While you think that with Nolan’s company producing and the film being named after Superman’s nickname, and with the way the film’s marketed similar to that off ‘The Dark Knight Rises’ last July, you may be forgiven to think this is a Nolan directed film. It may be like the approach of the darker more emotionally dramatic Superhero film, like Nolan’s ‘The Dark Knight Trilogy’, but the only similarity ends there. This is very much a Zack Snyder film. The second half of the film is evident of this as it turns into more a traditional superhuman smackdown causing huge city/collateral damage which Michael Bay would wish he could do as well. It also shows more of Snyder’s identity on this film with the visual look to these sequences.
These citywide fights employed by Snyder does become a huge part of the second half of the film. While I personally didn’t mind them (I like how he has the ability to keep ‘out doing’ each fight), some of the sound mixing is that loud my ear’s kept ringing hard long after it finished. While critics of Snyder will not like them, I saw them more in a positive light as it shows the Human casualty of it all (very 9/11), bring context to it even if you think that maybe Superman battering villains with building’s might kill more than save the people of Metropolis. Again Snyder critics will hate this, but they can’t complain about Snyder’s use of ‘slow-mo’ as there isn’t any.

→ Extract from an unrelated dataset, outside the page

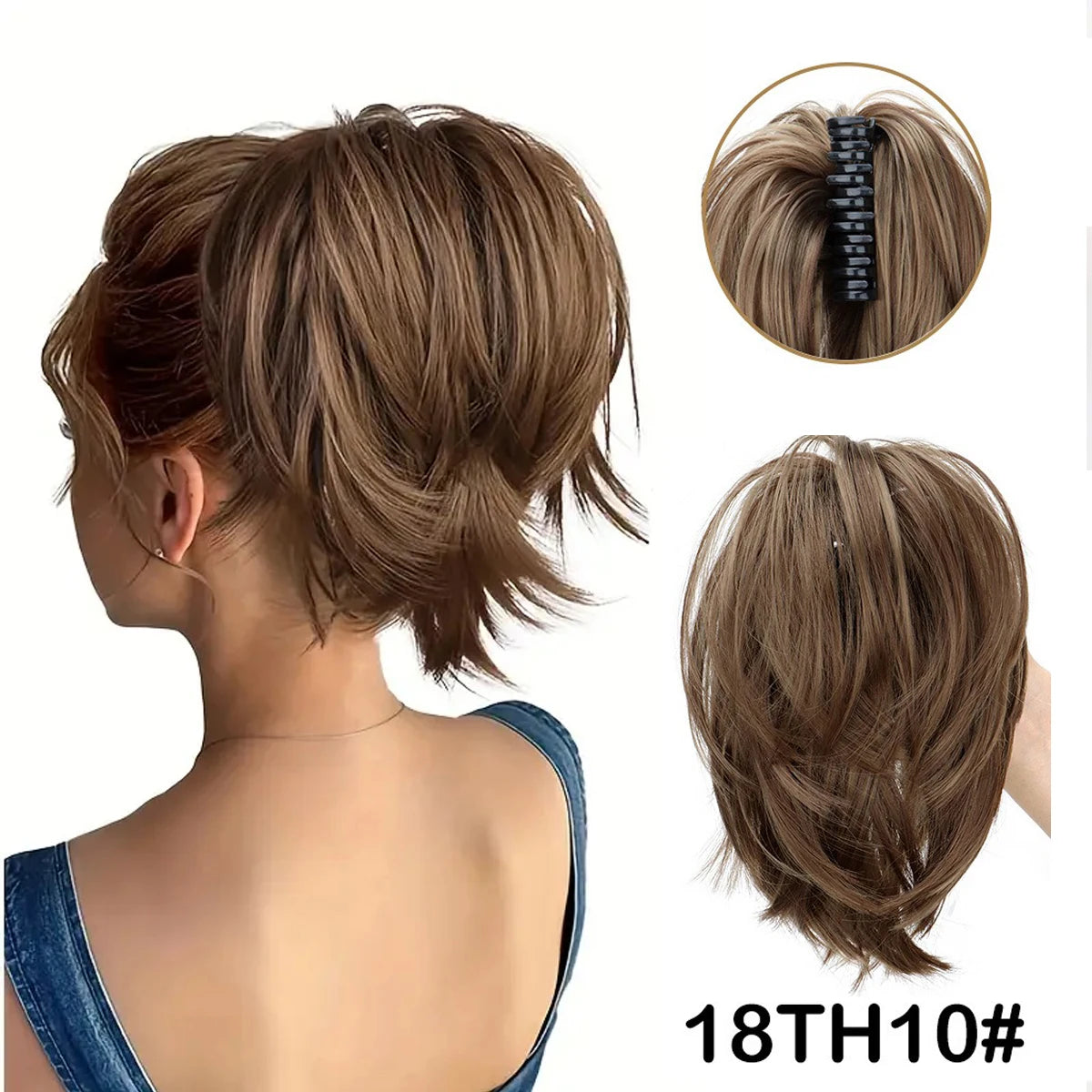 Synthetic Claw Clip Ponytail Extension for Effortless Messy Hair Buns - 9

Generally though Snyder’s direction show’s growth and promise here. In the more Terry Mallick-esck looking Smallville scene’s with a young Clark and his Earth parents (Diane Lane and more so ‘Captain Americana’ Kevin Costner are great here), Snyder does seem more interested and in control in giving you some dramatic weight here, and feels more confident in allowing it on screen. This is something I thought Snyder had difficult grasping in the past, particularly in ‘Watchmen’, so far play to him.
Now the film isn’t perfect. Goyer’s script perhaps has too much in it, a lot of themes and idea’s get a little cramped in. Perhaps maybe more will be explored in the Director Cut Blu-Ray release since the initially cut was around three hours long. This crampness is evident in the Lois Lane, Superman relationship, which does feel a little forced in its resolution it come too. But Goyer does bring a very Biblical undertone to this film. It’s like a modern version of the New Testament almost, with added Adam & Eve ideologies in there. And there’s a good attempt to bring weakness and jeopardy to a fundamentally invincible character/God.
Generally though this is a successful retool. Henry Cavill is great as Superman, bring charm too the role with a modern twist, and who knows what humour he might bring with the character’s duality for the sequel. Amy Adam’s is fine also as Lois Lane. Her character is a strong female archetype, again with a well realised drive, even if she seems to float from one place to another. And Michael Shannon as General Zod is great. It’s a shame that the character’s mission does get lost a little in with the thousands of other stuff going on in the story by its end, as there’s an interesting drive with his character’s motives, which might not be as bad as you may think. That and he has a crazy warrior lady sidekick Faora (German actress Antje Traue) who knows superpowered Kung-Fu!
While it may be clunky in places and (again) critics of Snyder might not be fully convinced, this is successful stuff, which stands well on its feet in the genre. It just about gave me everything I wanted, including how to make Superman vurable. As for the sequel, I can see the owner of LexCorp coming out of the wood work, as a lot of his buildings and tanker’s get destroyed with that branding on the side. There is also a feeling there’s a push and drive which makes you think that Warner Bros. are seeing this as the main tentpole franchise at their studio now. Oh and super brownie point’s to you if you find a certain Gotham billionaire’s company sign in there too.